Omalizumab for the treatment of exacerbations in children with inadequately controlled allergic (IgE-mediated) asthma

Bob Lanier, Tracy Bridges, Marek Kulus, Angel Fowler Taylor, Indrias Berhane, Carlos Fernandez Vidaurre
Journal of Allergy and Clinical Immunology 2009, 124 (6): 1210-6

BACKGROUND: Many children with asthma continue to experience symptoms despite available therapies.

OBJECTIVE: This study evaluated the efficacy and safety of omalizumab, a humanized anti-IgE mAb, in children with moderate-to-severe persistent allergic (IgE-mediated) asthma that was inadequately controlled despite treatment with medium-dose or high-dose inhaled corticosteroids (ICSs) with or without other controller medications.

METHODS: A randomized, double-blind, placebo-controlled trial enrolled children age 6 to <12 years with perennial allergen sensitivity and history of exacerbations and asthma symptoms despite at least medium-dose ICSs. Patients were randomized 2:1 to receive omalizumab (75-375 mg sc, q2 or q4 wk) or placebo over a period of 52 weeks (24-week fixed-steroid phase followed by a 28-week adjustable-steroid phase).
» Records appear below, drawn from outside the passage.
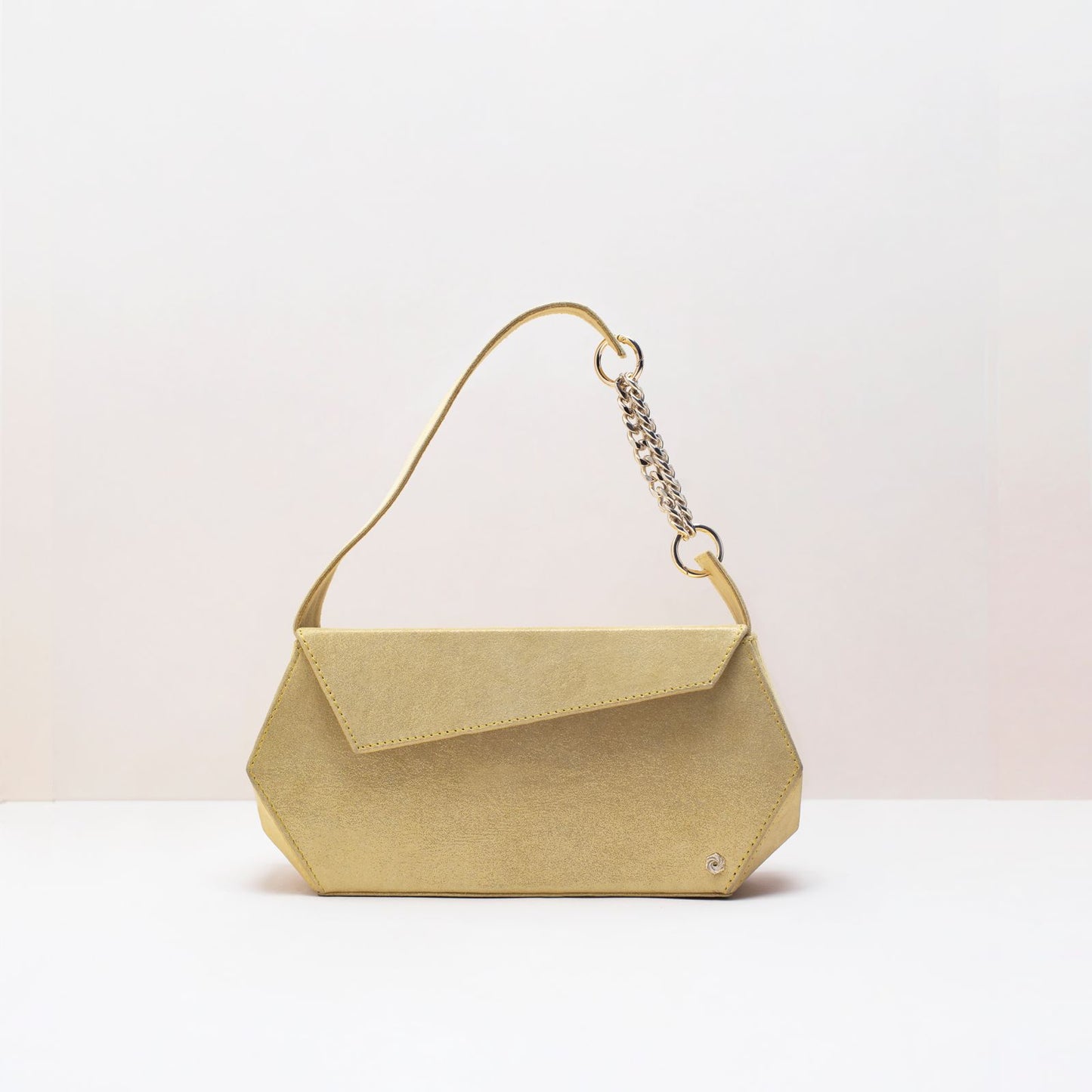 Hexella Baguette Glisten Yellow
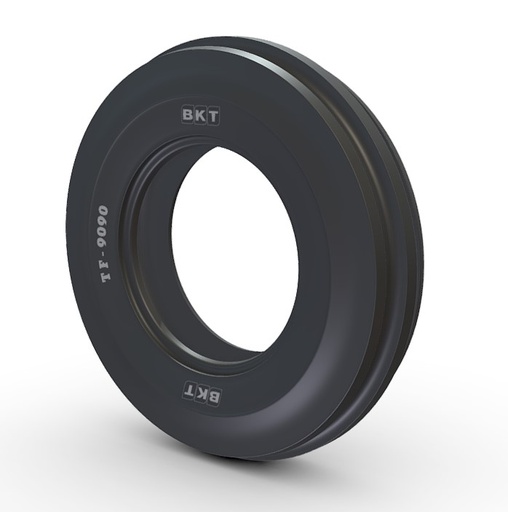 [94055111] 11.00-16 BKT Tires TF 9090 3-Rib  F-2 D (8 Ply), 114A8 100%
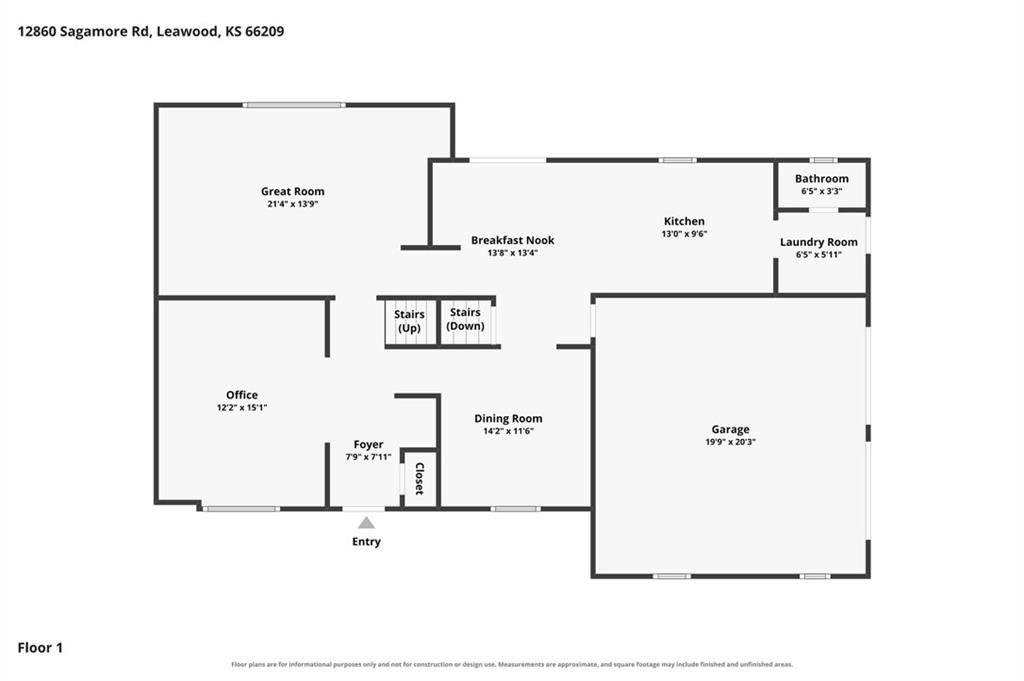 12860 Sagamore Road Property Photo 63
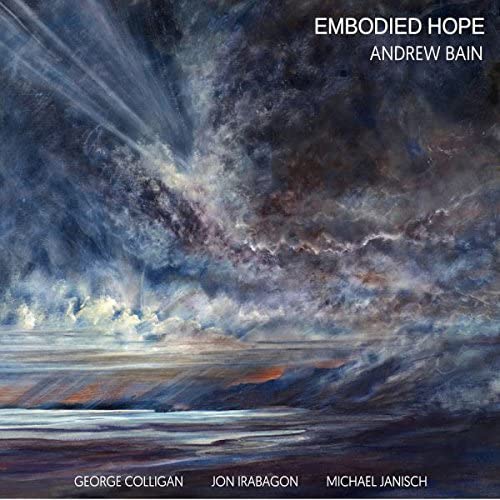 Embodied Hope von Whirlwind Recordings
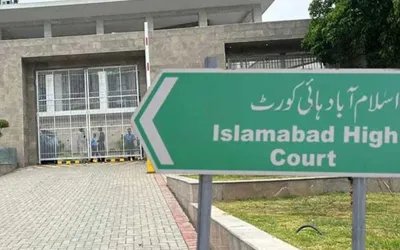IHC suspends ECP’s order to change Islamabad’s election tribunal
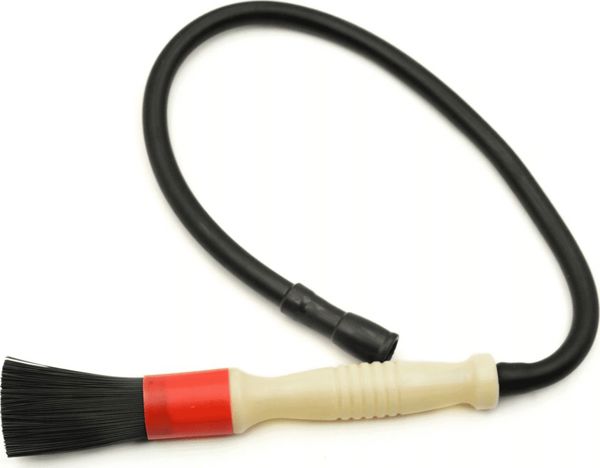 Geko G02128 Πινέλο Με Καλώδιο Για Πλυντήριο Εργαστηρίου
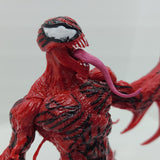 Venom Playfield Character Carnage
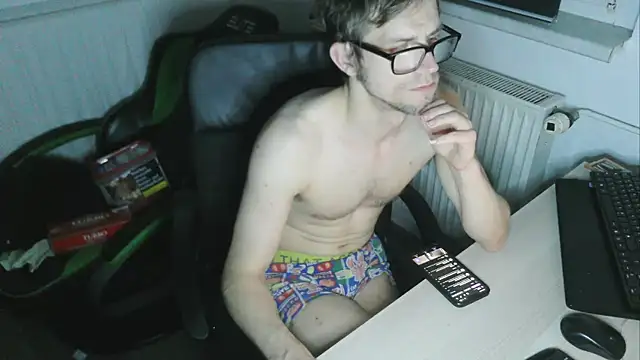 StephPra94 online show from 23, 5, 2026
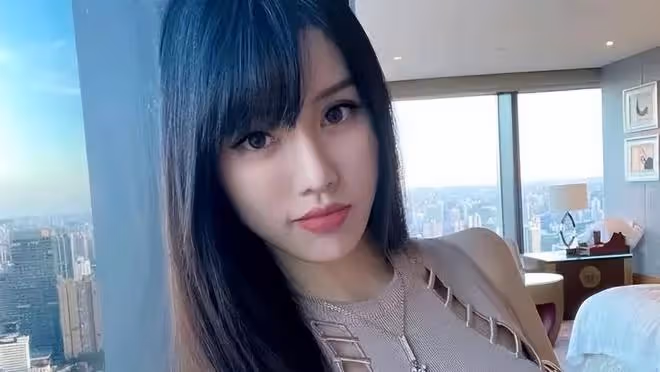 By2姐妹慶祝31歲生日,走出王力宏風波事件,回到夢想啟航地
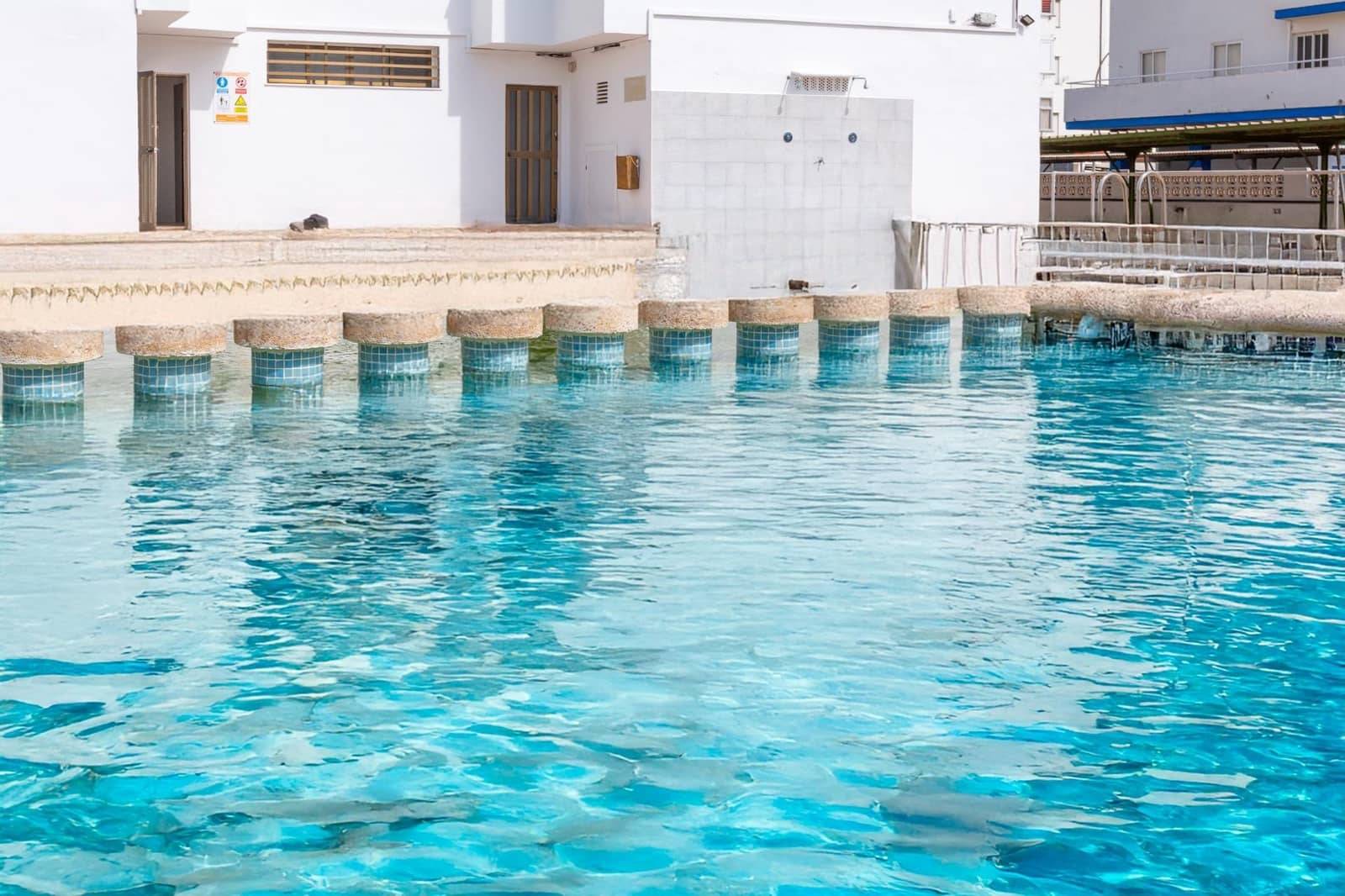 3 sypialnia Mieszkanie na sprzedaż w Tavernes de la Valldigna z basenem garażem - 189 000 € (Ref: 9415931)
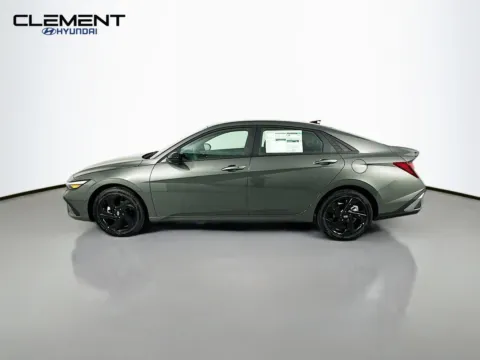 More photos of 2026 Hyundai Elantra SEL Sport at Clement Hyundai, MO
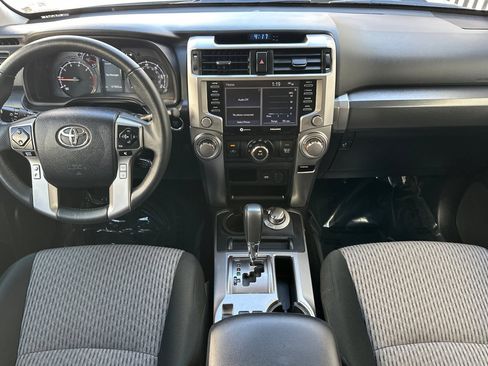 Certified 2024 Toyota 4Runner SR5 image 14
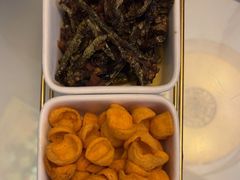 -野渡坡·极致湘菜·庭院餐厅(汉阳店)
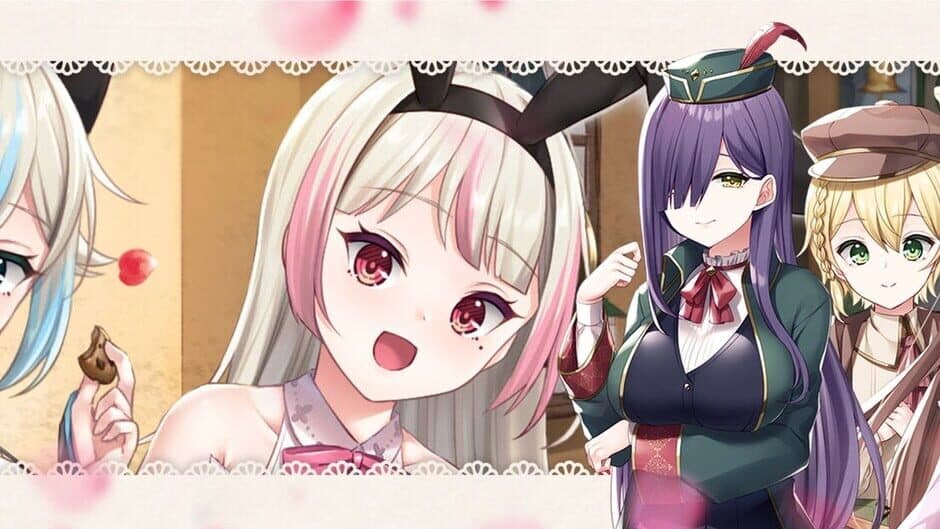 Liz and Rose's Alchemy Factory banner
RESULTS: A total of 627 patients (omalizumab, n = 421; placebo, n = 206) were randomized, with efficacy analyzed in 576 (omalizumab, n = 384; placebo, n = 192). Over the 24-week fixed-steroid phase, omalizumab reduced the rate of clinically significant asthma exacerbations (worsening symptoms requiring doubling of baseline ICS dose and/or systemic steroids) by 31% versus placebo (0.45 vs 0.64; rate ratio, 0.69; P = .007). Over a period of 52 weeks, the exacerbation rate was reduced by 43% versus placebo (P < .001). Omalizumab significantly reduced severe exacerbations. Over a period of 52 weeks, omalizumab had an acceptable safety profile, with no difference in overall incidence of adverse events compared with placebo.

CONCLUSION: Add-on omalizumab is effective and well tolerated as maintenance therapy in children (6 to <12 years) with moderate-to-severe persistent allergic (IgE-mediated) asthma whose symptoms are inadequately controlled despite medium to high doses of ICSs.